■ Work instruction:
Wherever a picture appears, leave it out, and transcribe the rest of the records exactly.

[Items listed in a dataset]
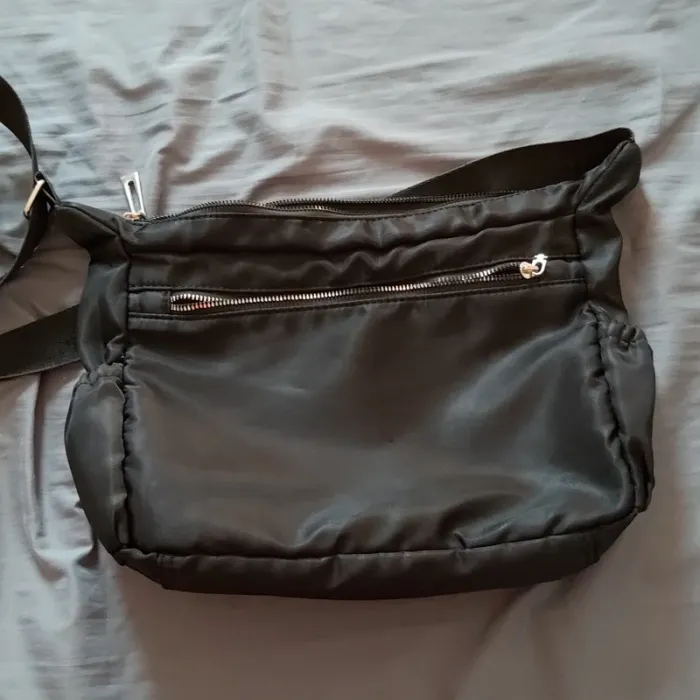 Sac en bandoulière multiples poches - photo numéro 3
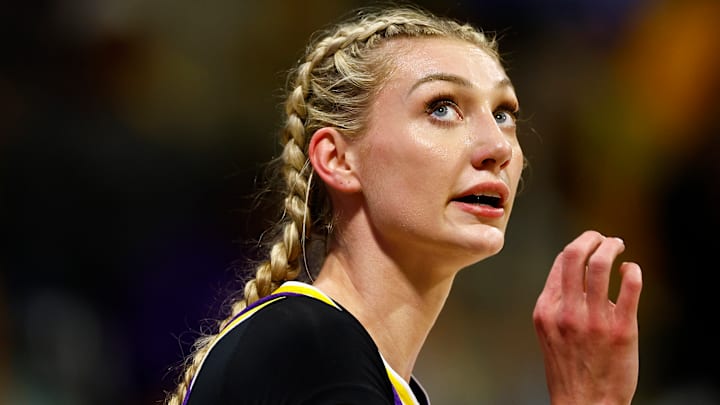 Atlanta Dream v Los Angeles Sparks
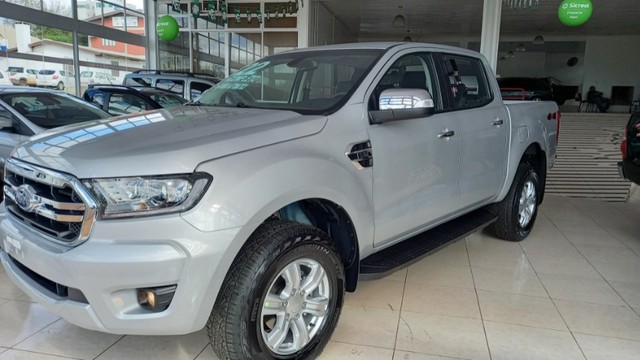 RANGER XLT 4X4 COMPLETA PRONTA ENTREGA EMPLACADA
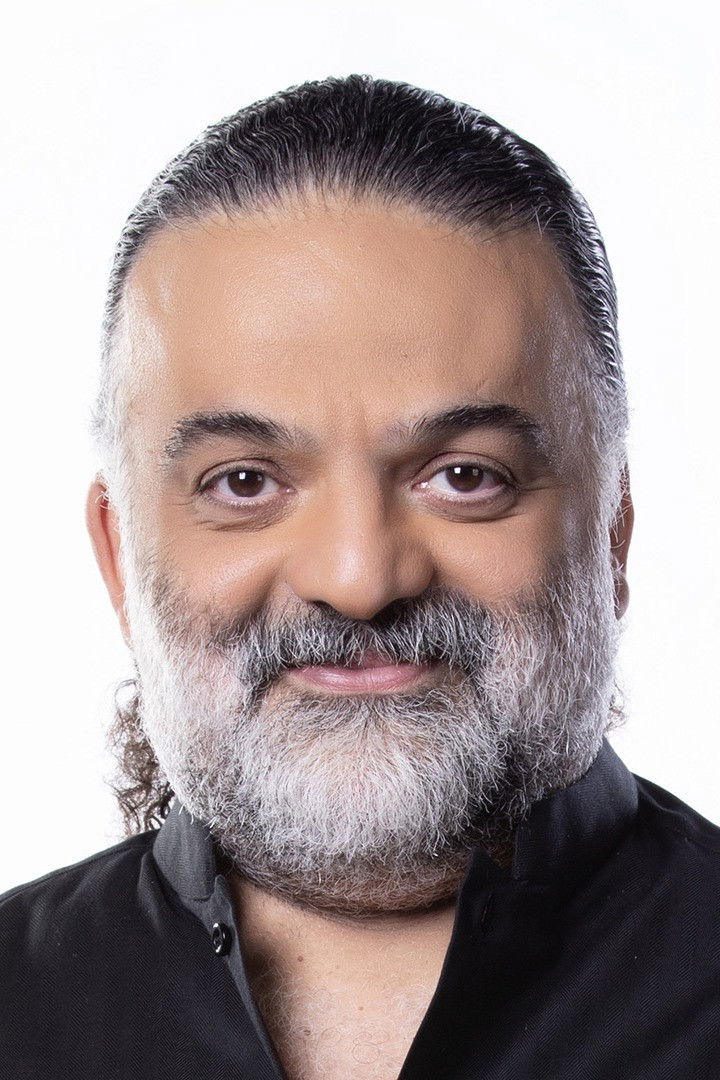 et billede af Alireza Assar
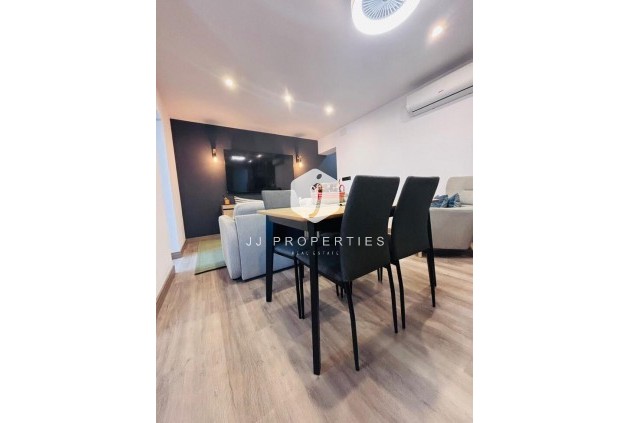 Aus zweiter Hand - Chalet -
San Miguel de Salinas - Inland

■ Finished exercise:
 Sac en bandoulière multiples poches - photo numéro 3
 Atlanta Dream v Los Angeles Sparks
 RANGER XLT 4X4 COMPLETA PRONTA ENTREGA EMPLACADA
 et billede af Alireza Assar
 Aus zweiter Hand - Chalet -
San Miguel de Salinas - Inland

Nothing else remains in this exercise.